I read that AO can stain apoptotic cells and that its emission wavelength changes when the cells are phagocytosed. However, I am surprised that there are not more people using this tool. Can people with experience using AO share their opinions?
You can use acridine orange along with Ethidium bromide. Acridine orange alone wont stain the apoptotic cells. If apoptotic cells are there ethidium bromide enters the cell because of permeability of the cells and binds to the DNA.
Acridine orange is a complex dye to work with. It is cell permeant so it can penetrate living as well as dead cells. The change in wavelength depends on binding to either single-stranded or double-stranded nucleic acids and as such has been used to measure both DNA and RNA (single-stranded) in cells. The color is green when it binds to ds-DNA (or ds-RNA) and red when it binds to ss-RNA (or ss-DNA). The binding to DNA depends on the stoichiometry of the AO vs the DNA or RNA and it can lead to misinterpretation if it is not carefully controlled. Phagocytosed cells could be red either because of ss-RNA or degraded DNA that has ss regions. For these reasons it is a complicated dye to use and probably explains why more people haven't used it for the application you propose.
Besides binding to both RNA and DNA, it is a biohazardous dye. Unless you make the right dilution it can cause you a lot of trouble. We use AO for measuring the DNA breaks in sperm and it works very well.
A dye to use for phagocytosis is DHR123 (Dihydrorhodamine123) which becomes fluorescent with mitochondria activity. You may use different stimulants (bacteria, C3b, PMA, fMLP) and obtain data on most of neutrophil functions. If you look up Molecular Probes Book on Invitrogen web site, you will see that there are many different dyes serving the purpose without causing any biohazard.
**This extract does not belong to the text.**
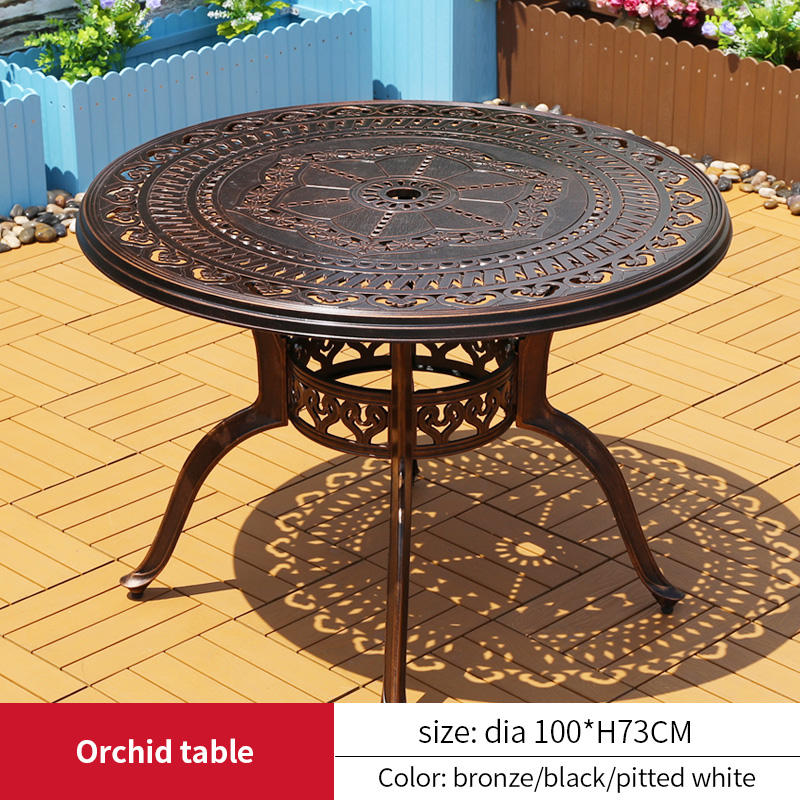 6-Table ronde orchidée D100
We isolate the granulocytes by density gradient. Then stimulate with PMA for oxidative burst, with BACTERIA for PHAGOCYTOSIS and with fMLP for chemotaxis. We stain the cells with RHD123, and make measurements at zero and at 20 minutes (we have found that 20 minutes is the optimum time period to get highest fluorescence). If the cells are stimulated then RHD123 fluoresces (due to mitochondria activation) and we calculate the index value from the mean/median numbers obtained with unstimulated cells. Bacteria we use are St. aereus and E. coli (both are obtained from ATCC but do not have the cat. numbers at the moment). We always run a healthy control sample with these measurements. Our method is improvised over a method developed by G. Rothe et al. which was published years back in Methods in Molecular Biology series on flow cytometry.